With headlines suggesting AI will be taking over human jobs imminently, it may be a relief to see that AI chatbots aren’t exactly getting everything right. But digging deeper into some of the issues, it may not be as comforting as it first appears.
In 2022, a customer asked the Air Canada chatbot to explain the airline’s bereavement policy. The chatbot supplied a link to the policy and said:
“Air Canada offers reduced bereavement fares if you need to travel because of an imminent death or a death in your immediate family…If you need to travel immediately or have already travelled and would like to submit your ticket for a reduced bereavement rate, kindly do so within 90 days of the date your ticket was issued by completing our Ticket Refund Application form.”
While sounding reasonable, this was incorrect. The policy on the webpage stated “Please be aware that our Bereavement policy does not allow refunds for travel that has already happened.”
When the customer followed the chatbot’s advice, they were refused the refund by the customer service humans who knew the policy. When the customer was not satisfied with Air Canada’s offer (a $200 flight voucher) they took the airline to the small claims court. And when Air Canada argued that it should not be held liable for the information provided by the chatbot, the judge disagreed.
So what lessons should we learn from this?
This is becoming increasingly common knowledge but a large language model is only predicting which words are most likely to go together in response to the question. With no understanding of the policy, it does not ‘know’ the right answer, just a most likely one. Even if it has been trained on the actual policy document, the algorithm may determine the most likely answer is something else.
The customer could have checked the linked webpage. Air Canada said they should have. The judge ruled that Air Canada was responsible for the content of its website, including the chatbot’s advice. The airline owed a duty of care to the customer who had relied on its information.
So if you build an AI agent and launch it into action, you need to take responsibility for its output. Or make it very clear if the user cannot rely on its output and needs to check everything. This call for transparency is a key part of the EU AI act, to make sure users are aware they are interacting with an AI agent and are made aware of limitations around its advice.

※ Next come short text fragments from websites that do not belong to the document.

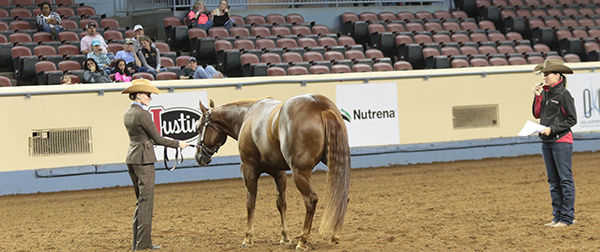 Donate to AQHA Professional Horsemen’s Crisis Fund to Help Those in Need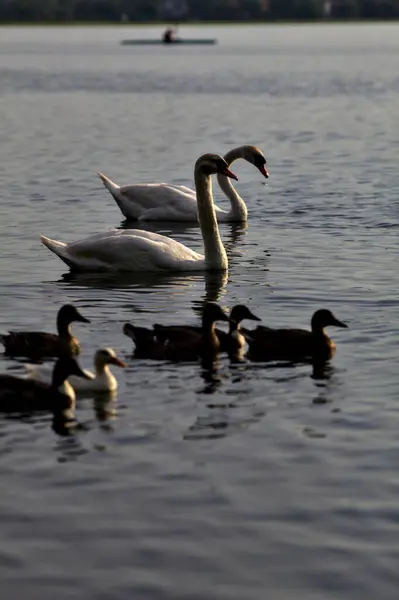 日落时成群结队的天鹅和野鸭一起游泳 — 图库照片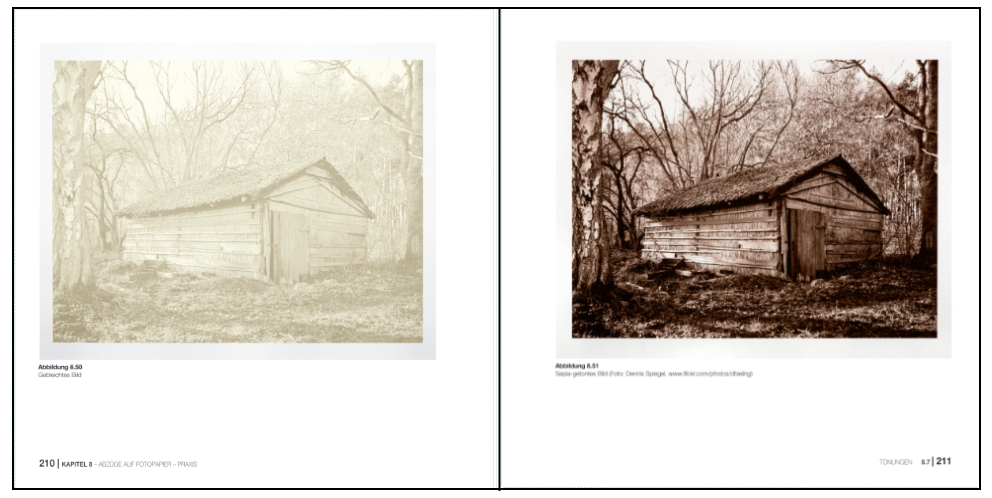 Artikelbild 5 des Artikels “Analog fotografieren und entwickeln “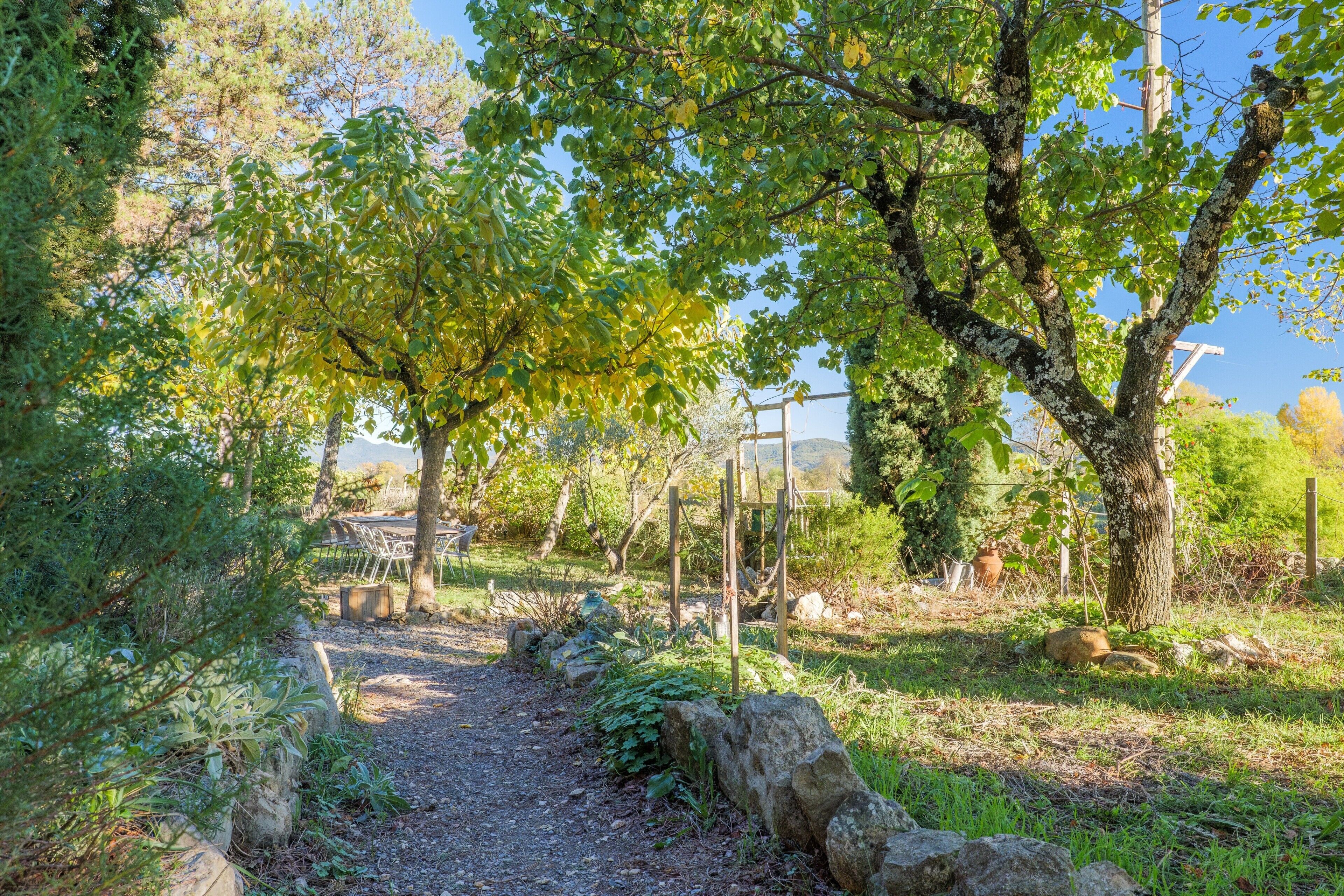 Un sendero en un jardín con árboles y una estructura de madera.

In this case, that hadn’t been made clear. So the customer didn’t have to take responsibility for checking the chatbot’s answer. But this is not always the case. In 2023 lawyers used ChatGPT to provide past cases to support their court filings and unintentionally included completely fictitious cases and past judgements. The lawyers were deemed negligent for using the output without checking, and fined.
As a professional, if you are using chatbot output in your work, it is your responsibility to check everything before you use it, whether it is in plain English or computer code. I know from experience that asking ChatGPT what a piece of code does may result in a plausible but incorrect answer. When I replied to ask if the code actually did something slightly different, it thanked me for my patience and appeared to correct itself. This new answer was still wrong. By the time I had run the code enough times to figure out how it worked, I might as well not have asked ChatGPT in the first place.
If ChatGPT is writing code for me, I definitely need to check it. And the more complex the code, the more carefully I need to check. The less I know about a topic, the more I may want to rely on the AI answer, but the greater the risk in doing so, as I am less likely be able to discern whether it has given me a correct answer, an oversimplification, or a completely invented hallucination.
On the one hand, the AI failed to give a correct answer, which cost the company money and produced a disgruntled customer. But it isn’t entirely fair to judge the AI against the benchmark of perfection. A human customer services agent won’t be perfect. It is more useful to compare the chatbot’s performance with that of the human agents.
And a lot of reports suggest that overall chatbots:
In which case we shouldn’t be surprised if companies want to replace some staff with AI agents.
But do employers want human agents who can only regurgitate information? Some of the value of humans is their ability to understand the situation. If an agent had read the policy and challenged it as being impractical for customers going through a bereavement, and suggested they allow retrospective refunds – particularly if policy is more in line with the Air Canada culture, that employee might be rewarded for applying their ingenuity to improve the service.
When a chatbot makes up a policy in a customer-facing environment, it might be inconvenient to the company. But used in the right way, AI can offer new insights, unexpected connections and creative ideas. So your job in its entirety may not be replaced by an AI agent. But you may be replaced with an actuary who can use AI to enhance their own skills.